* _GIVEN DATA_
┄┄┄┄┄┄┄┄┄┄┄┄┄┄┄┄┄┄┄┄

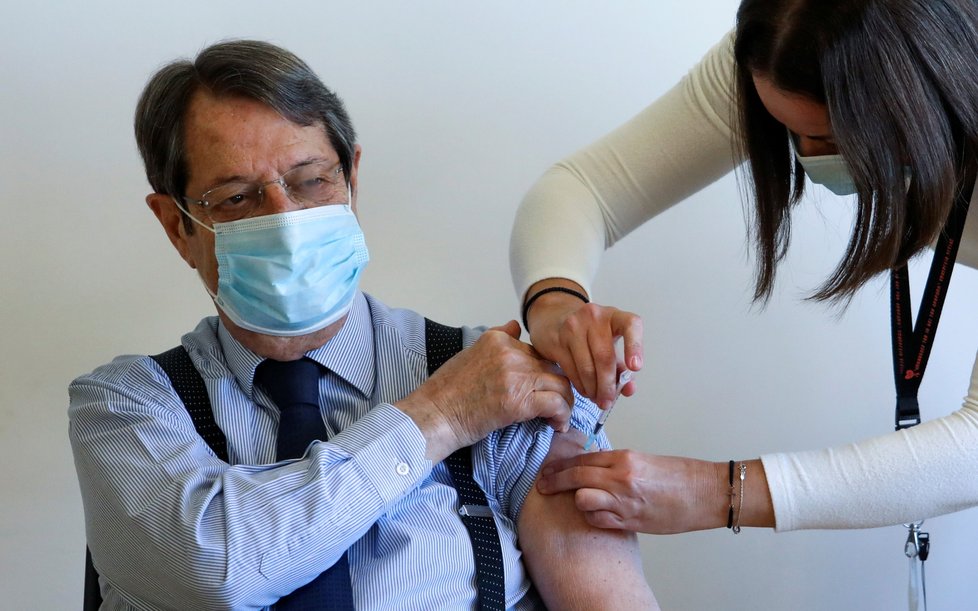 Koronavirus na Kypru: Prezident Nicos Anastasiades na očkování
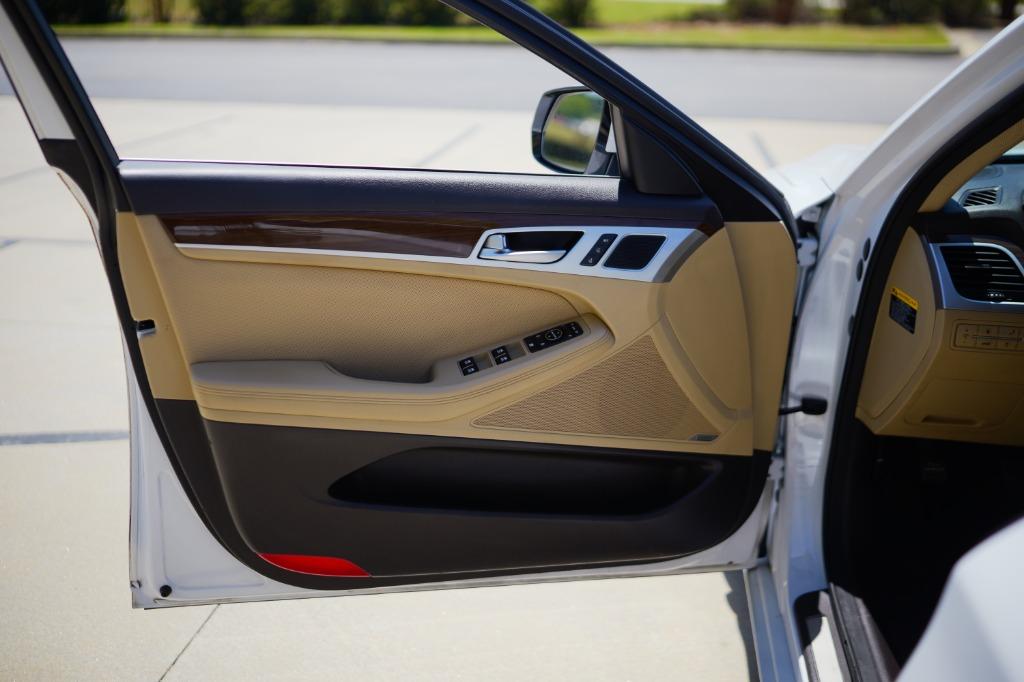 2016 Hyundai Genesis 3.8l V6 photo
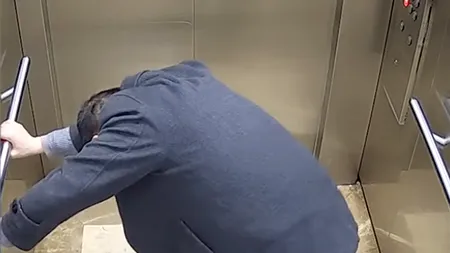 Un medic din China luptă cu noul coronavirus până la extenuare. Momentul sfâșietor în care cade din picioare - VIDEO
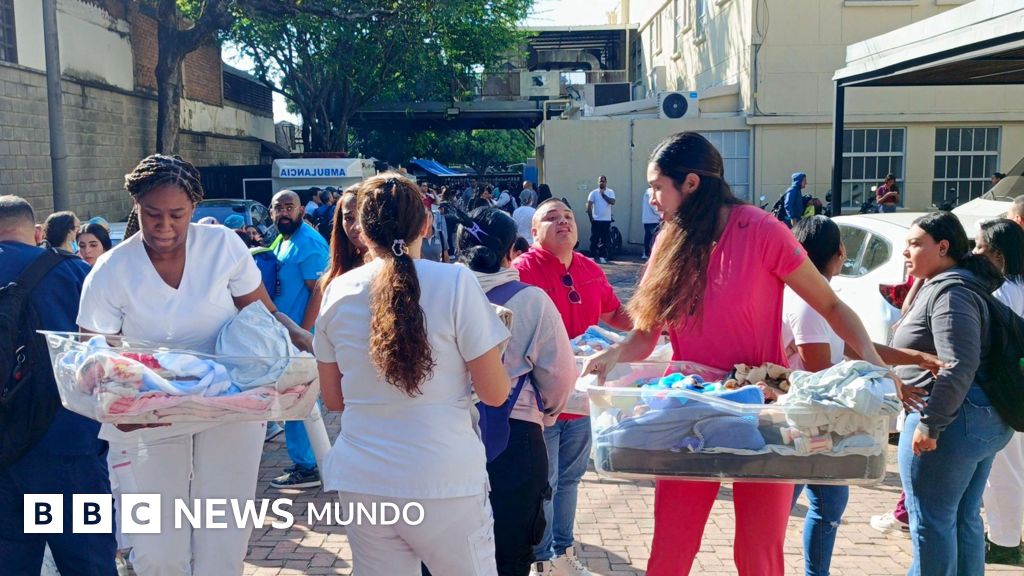 "Mi prioridad era sacar a esos niños": la historia de una de las imágenes más conmovedoras del terremoto en Colombia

┄┄┄┄┄┄┄┄┄┄┄┄┄┄┄┄┄┄┄┄

* _WHAT IS NEEDED_
Return word for word the lines of the listing above, starting at the line with "2016 Hyundai Genesis 3.8l V6 photo" and ending at the line with "Un medic din", both included. Pictures do not belong in the copy.

* _TASK RESPONSE_
 2016 Hyundai Genesis 3.8l V6 photo
 Un medic din China luptă cu noul coronavirus până la extenuare. Momentul sfâșietor în care cade din picioare - VIDEO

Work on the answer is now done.